Hacker News new | ask | show | jobs
by rdtsc 97 days ago
> But an escape hatch is still an escape hatch. These mechanisms bypass the process isolation model entirely. They are shared state outside the process model, accessible concurrently by any process, with no mailbox serialization, no message copying, no ownership semantics. And when you introduce shared state into a system built on the premise of having none, you reintroduce the bugs that premise was supposed to eliminate.

No, they do bypass it. I don't know what "Technical Program Managers at Google" do but they don't seem to be using a lot of Erlang it seems ;-). ETS tables can be modeled as a process which stores data and then replies to message queries. Every update and read is equivalent to sending a message. The terms are still copied (see note * below). You're not going to read half a tuple and then it will mutate underneath as another process updates it. Traversing an ETS table is logically equivalent to asking a process for individual key-values using regular message passing.

What is different is what these are optimized for. ETS tables are great for querying and looking up data. They even have a mini query language for it (https://www.erlang.org/doc/apps/stdlib/qlc.html). Persistent terms are great for configuration values. None of them break the isolated heap and immutable data paradigm, they just optimize for certain access patterns.

Even dictionary fields they mention, when a process reads another process' dictionary it's still a signal being sent to a process and a reply needing to be received.

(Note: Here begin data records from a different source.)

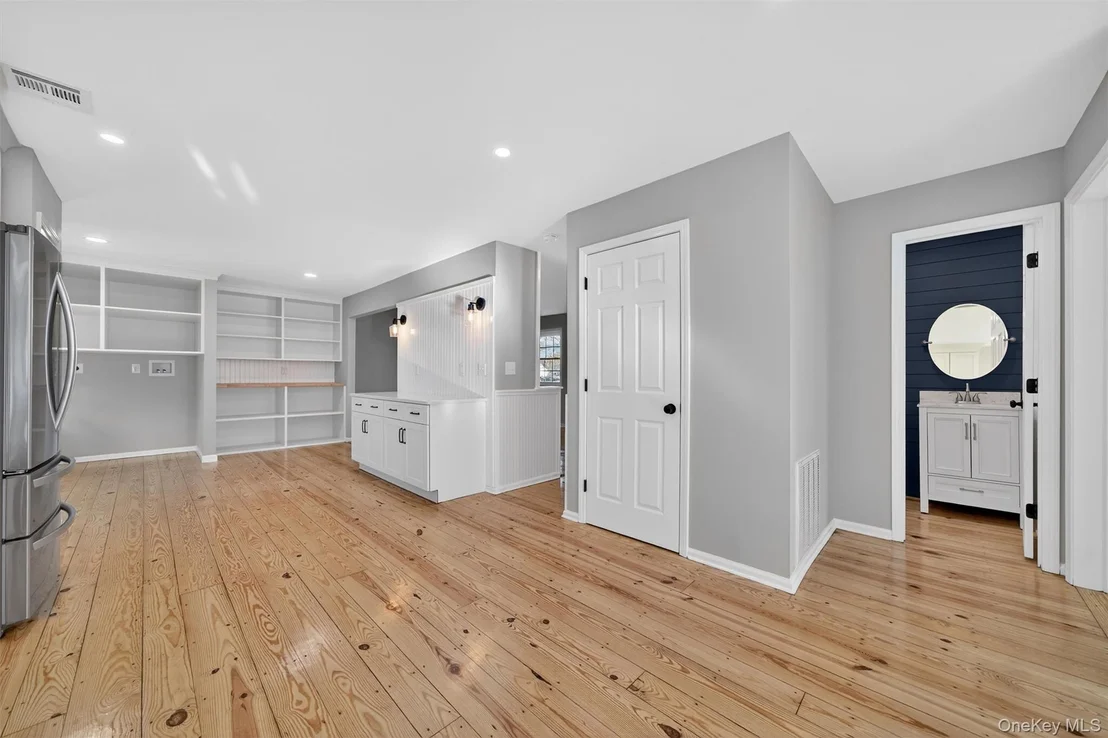Photo of 38 Wavey Willow Lane
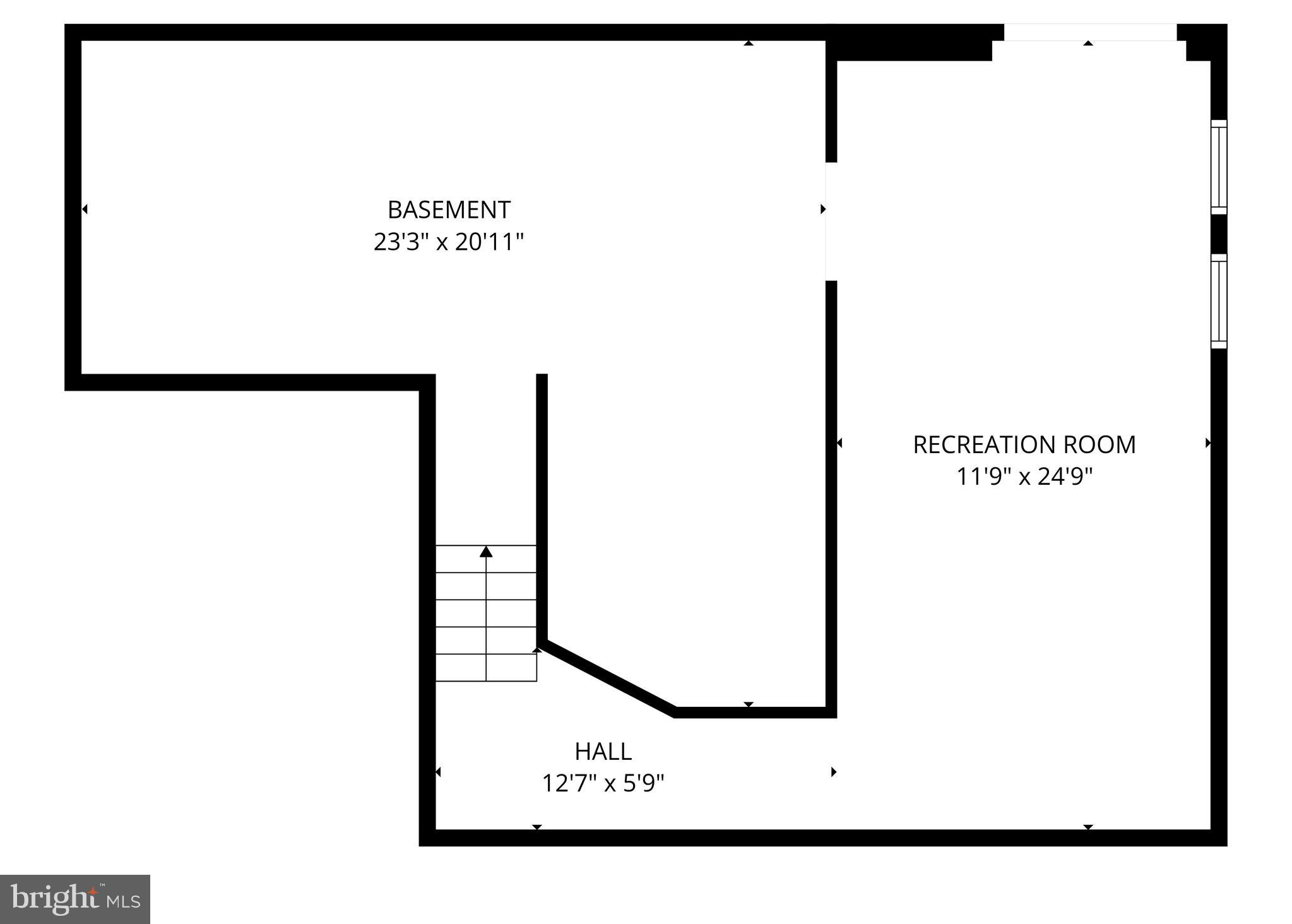 BLAKELY SPRINGS - Residential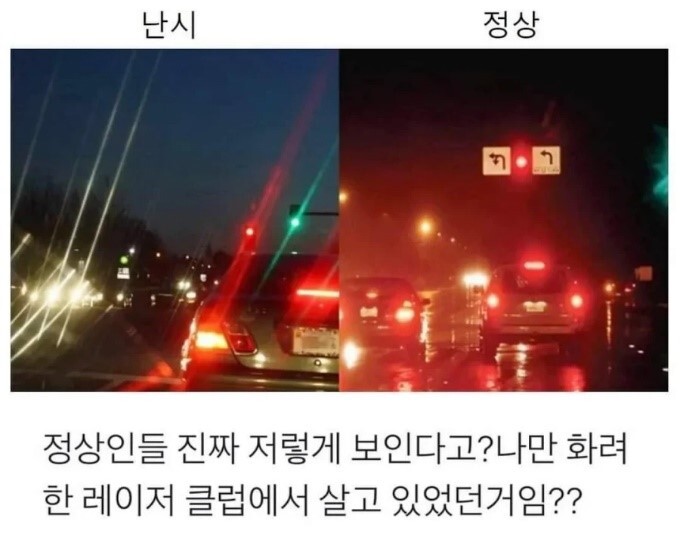 게시글 대표 이미지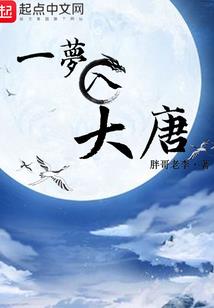 肺在中医中的五行属什么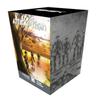 Attack On Titan The Final Season Part 2 Manga Box Set by Hajime... 9781646514533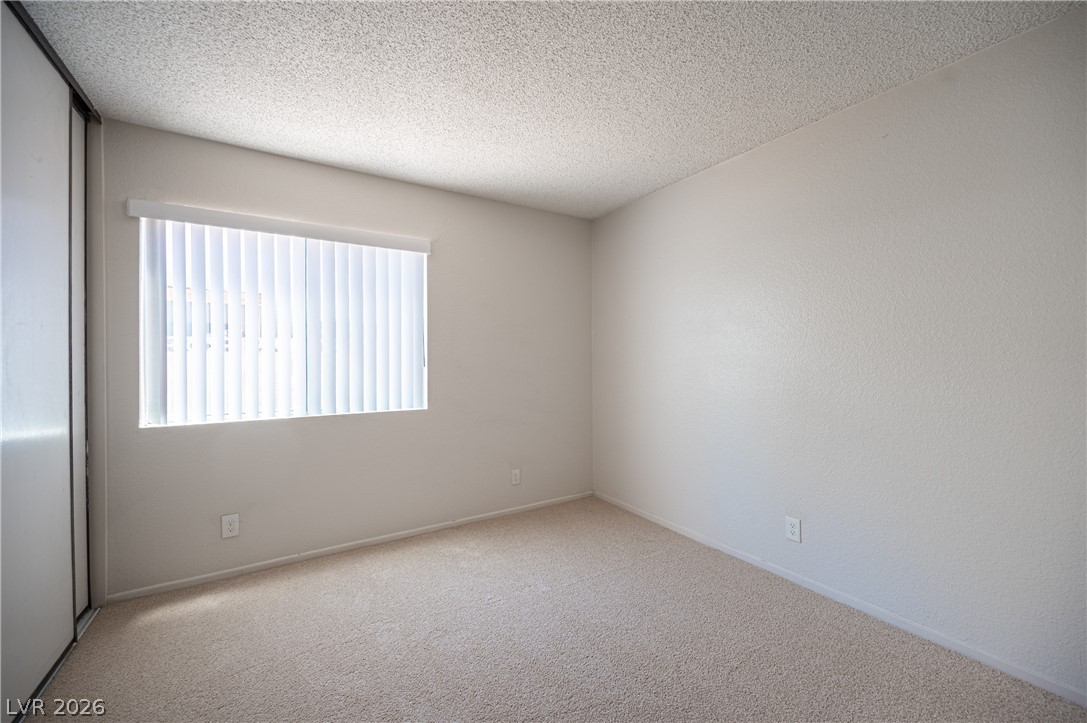 4386 Newhaven Drive Las Vegas NV 89147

* Immutable binary blocks >64B can be referenced, but they are referenced when sending data using explicit messages between processes anyway.

1 comments

minor nitpicks:

ETS is not a process that responds to messages, you have to wrap it in a process and do the messages part yourself.

Process dictionary: i am pretty sure that's a process_info bif that directly queries the vm internal database and not a secret message that can be trapped or even uses the normal message passing system.

> ETS is not a process that responds to messages, you have to wrap it in a process and do the messages part yourself.

I didn't say it's implemented as a process but works as if it where logically. Most terms (except literals and the binary references) are still copied just like when you send message. You could replace it behind the scenes with a process and it would act the same. Performance-wise it won't be the same, and that's why they are implemented differently but it doesn't allow sharing a process heap and you don't have to do locks and mutexes to protect access to this "shared" data.

> i am pretty sure that's a process_info bif that directly queries the vm internal database and not a secret message that can be trapped or even uses the normal message passing system.

I specifically meant querying the dictionary of another process. Since it's in the context of "erlang is violating the shared nothing" comment. In that case if we look at https://www.erlang.org/doc/system/ref_man_processes.html#rec... we see that process_info_request is a signal. A process is sent a signal, and then it gets its dictionary entries and replies (note the difference between messages and signals there).

ah sorry you did indeed write signal and somehow my brain read it as "message". I'll stand by my ets comments though because it would be confusing to think of ets as not having to be wrapped in a process (for lifetimes if nothing else)
> I'll stand by my ets comments though because it would be confusing to think of ets as not having to be wrapped in a process (for lifetimes if nothing else)

The point was that "ets" doesn't break isolation and doesn't logically behave any differently than as if inside it was wrapping a process and every lookup or update was behind the scenes sending a message to the process to read its data and returning a response. So the original poster's claim that somehow defaults to "sharing memory" are simply untrue. They just don't understand how it works, which is fine. I suspect they don't really use it that much and just found whatever they could by Googling it (pun intended as they are a Technical Program Manager).

Also, here is Robert Virding, one of Erlang creators, explaining it a lot better https://stackoverflow.com/a/1483875:

> ETS more or less behaves as if the table was in a separate process and requests are messages sent to that process. While it is not implemented with processes that the properties of ETS are modeled like that. It is in fact possible to implement ETS with processes. This means that the side effect properties are consistent with the rest of Erlang.